The task:
Transcribe the data exactly, pictures excluded.

Raw data:
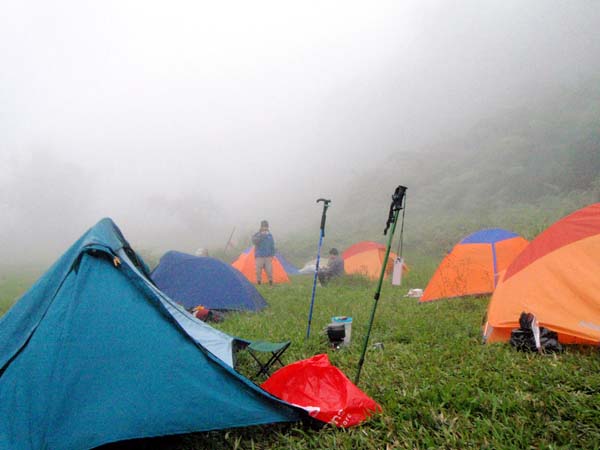 fog-draped campsite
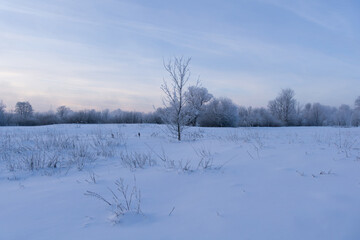 snow covered trees
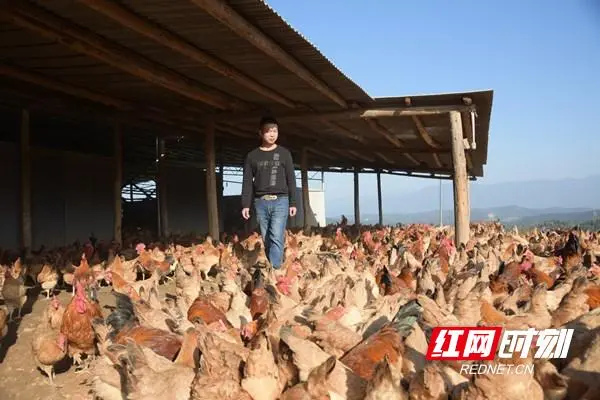 致富鸡幸福路_致富经养鸡视频大全_致富经鸡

Response:
 fog-draped campsite
 snow covered trees
 致富鸡幸福路_致富经养鸡视频大全_致富经鸡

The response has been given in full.